Pesquisadores descobriram algo que pode ajudar humanos e animais na perda de peso. Os cientistas da Universidade de Cambridge, no Reino Unido, identificaram um novo gene da obesidade em cães. Os estudos apontam que esse novo gene está associado também à obesidade entre os humanos. É ele que faz pessoas e cães ganharem peso.
O gene é chamado DENND1B, e os pesquisadores explicaram que ele afeta diretamente uma via cerebral (a via leptina melanocortina) responsável por regular o equilíbrio energético no corpo.

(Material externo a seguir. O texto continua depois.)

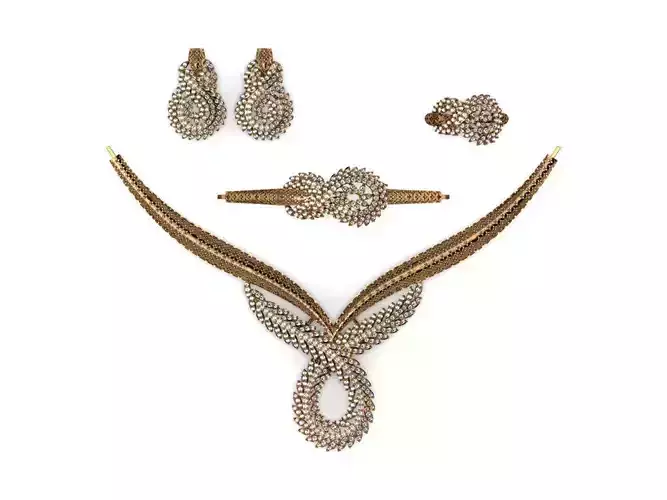 Special Design Gold Diamond Sets Necklace Bracelet Ring Earring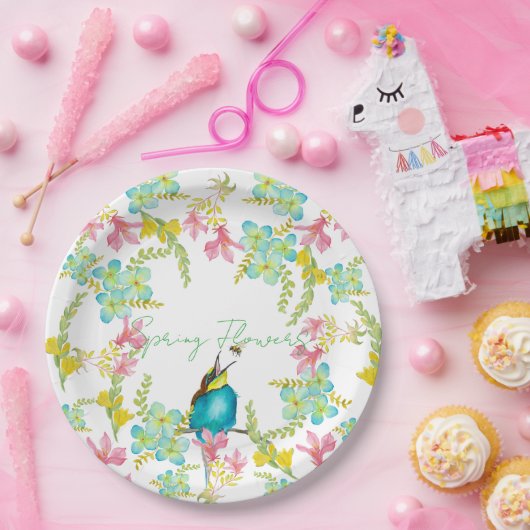 Frühlingsblumen Wasserfarbe Pappteller (Party)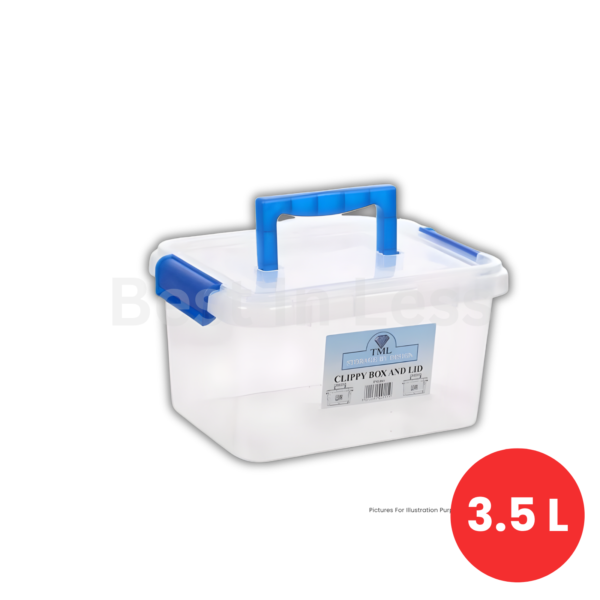 3.5L Clear Plastic Storage with Box Clip Lid, Carry Handle Ideal for Home Office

A pesquisa foi publicada na revista Science.
“Esses genes não são alvos imediatamente óbvios para medicamentos para perda de peso porque eles controlam outros processos biológicos importantes no corpo que não devem ser interferidos”, disse Alyce McClellan, do Departamento de Fisiologia, Desenvolvimento e Neurociência de Cambridge, coautora do estudo.
Mais de um
A descoberta revela, ainda, que tanto os cães como as pessoas podem controlar o sobrepeso, mesmo quando há uma tendência
Os pesquisadores afirmam que são quatro genes adicionais associados à obesidade canina, que também foram mapeados diretamente de genes humanos, mas que exercem um efeito menor que o DENND1B
“Os resultados enfatizam a importância de vias cerebrais fundamentais no controle do apetite e do peso corporal”, explicou Alyce McClellan.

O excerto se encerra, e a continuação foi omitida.